Print version ISSN 0074-0276
Mem. Inst. Oswaldo Cruz vol.104 no.8 Rio de Janeiro Dec. 2009
Teresa Cristina Monte GonçalvesI, +; Assilon Lindoval Carneiro FreitasII; Simone Patrícia Carneiro FreitasI
ISetor de Entomologia Médica e Forense, Laboratório de Transmissores de Leishmanioses, Instituto Oswaldo Cruz-Fiocruz, Av. Brasil 4365, 21045-900 Rio de Janeiro, RJ, Brasil
II20ª Célula Regional da Saúde, Crato, CE, Brasil
The present study aimed to analyse the dwelling infestation rates and the distribution and natural Trypanosoma cruzi infection rates, among triatomines captured in the 13 municipalities of the state of Ceará. The records relating to the capture of intradomicile and peridomicile triatomines during the Chagas disease control program of 1998-2008 were available. Among the triatomines captured and in all of the municipalities studied, Triatoma brasiliensis presented the highest incidence in intradomicile and Triatoma pseudomaculata in peridomicile and some were positive for infection by T. cruzi. We emphasise that it is important to have sustainable epidemiological surveillance in the region, since when the control measures decreased, the incidence of T. pseudomaculata in intradomicile grew.

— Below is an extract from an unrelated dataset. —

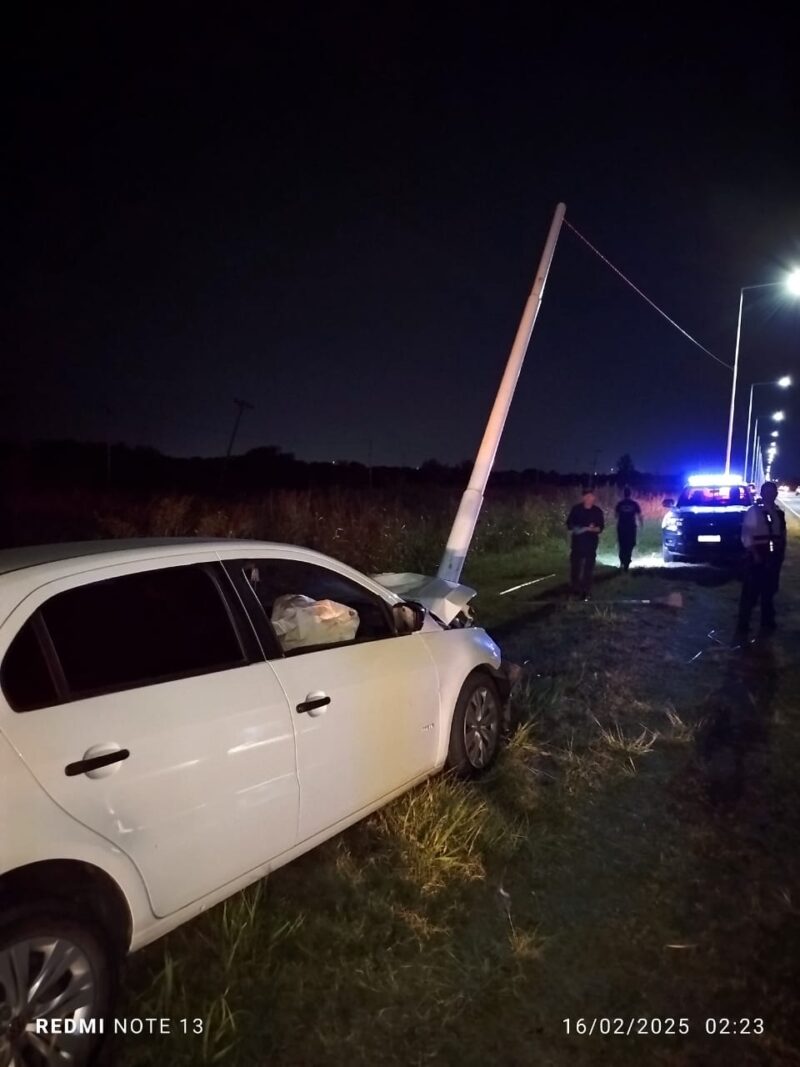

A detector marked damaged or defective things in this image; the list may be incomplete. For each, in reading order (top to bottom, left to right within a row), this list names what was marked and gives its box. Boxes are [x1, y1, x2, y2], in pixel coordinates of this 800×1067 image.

Key words: Triatominae - distributions - natural infection - Ceará
Northeastern Brazil is a macroregion in which Chagas disease occurs endemically. A variety of vector species for the parasite Trypanosoma cruzi that are of public health importance are found in this region: Triatoma brasiliensis Neiva 1911, Triatoma pseudomaculata Corrêa & Espínola 1964, Panstrongylus lutzi (Neiva & Pinto 1923) and Panstrongylus megistus Burmeister 1835 (Dias et al. 2000, MS 2005).
The species T. brasiliensis, T. pseudomaculata and P. lutzi are native to the area and have a wide distribution across the semi-arid zones of the Northeastern region. In control program surveys, the first two species were considered to be potential vectors because they form colonies in homes, leading to a continual risk of vector transmission (MS 2005). Regarding their feeding habits, T. brasiliensis is moderately anthropophilic and T. pseudomaculata is ornithophilic (Forattini et al. 1981, Silveira et al. 1984, Freitas et al. 2005).

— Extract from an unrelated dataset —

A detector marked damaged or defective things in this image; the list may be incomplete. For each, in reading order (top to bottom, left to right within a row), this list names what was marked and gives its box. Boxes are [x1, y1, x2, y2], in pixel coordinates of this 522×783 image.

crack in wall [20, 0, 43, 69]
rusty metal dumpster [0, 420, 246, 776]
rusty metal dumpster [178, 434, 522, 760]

In 1975, the vector control actions for Chagas disease in Brazil became systematised and the programs attained nationwide scope (Silveira et al. 1984). In 2000, the epidemiological surveillance was maintained in the areas covered by decentralisation of health services, when municipalities then started to carry out the actions within the program (Diário Oficial da União 2004).

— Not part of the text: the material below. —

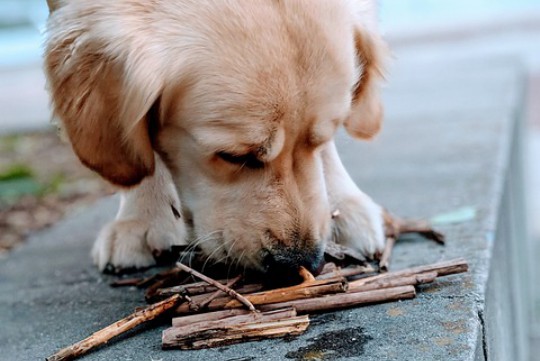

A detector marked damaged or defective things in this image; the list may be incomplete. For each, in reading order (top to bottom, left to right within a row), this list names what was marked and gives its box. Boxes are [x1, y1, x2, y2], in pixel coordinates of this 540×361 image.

broken wooden stick [175, 262, 255, 310]
broken wooden stick [46, 294, 181, 360] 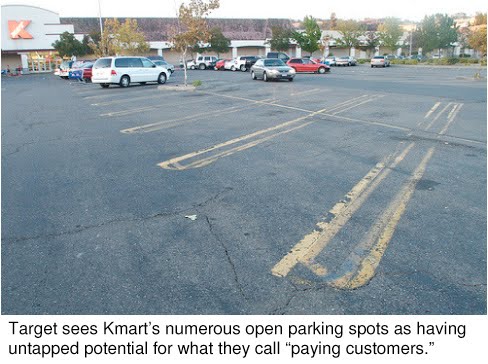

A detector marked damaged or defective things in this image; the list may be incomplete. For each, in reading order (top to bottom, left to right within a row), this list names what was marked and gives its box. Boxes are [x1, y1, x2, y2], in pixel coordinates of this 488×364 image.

cracked asphalt [1, 66, 486, 316]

The present paper analyses the dwelling infestation rates and the distribution and natural T. cruzi infection rates among triatomine species that occur in the municipalities that make up the 20ª Célula Regional da Saúde (CERES) of the state of Ceará (CE). These results will provide information regarding the present situation of the Chagas disease control programs in these municipalities.
MATERIALS AND METHODS
CE covers an area of 148,016 km2 and has a coastline extending for 538 km. Most of this area consists of topographically low-lying, semi-arid terrain (Alencar et al. 1976).
In the present paper, records relating to triatomine capture during the Chagas disease control program of 1998-2008 were analysed. These records were from 13 municipalities: Altaneira, Antonina do Norte, Araripe, Assaré, Campos Sales, Crato, Farias Brito, Nova Olinda, Potengi, Salitre, Santana do Cariri, Tarrafas and Várzea Alegre. This region covers an area of 8.686 km2 and is located in the Cariri region of the southern CE, at the boundaries of the states of Piauí and Pernambuco (between latitudes 6º41'40"N and 7º39'00"S and longitudes 39º37'20"E and 40º30'00"W). The Cariri region has a hot climate for most of the year and its vegetation is predominantly caatinga.
Specimens were captured intradomicile and peridomicile, in rural localities, according to Manual de Normas Técnicas da Superintendência de Campanhas de Saúde Pública (MS 1980). In addition, the prevalence of the distribution of the vector species and the occurrence of natural infection by T. cruzi in triatomines were ana-lysed as indicators for the relationship between triatomines and T. cruzi and as operational indicators.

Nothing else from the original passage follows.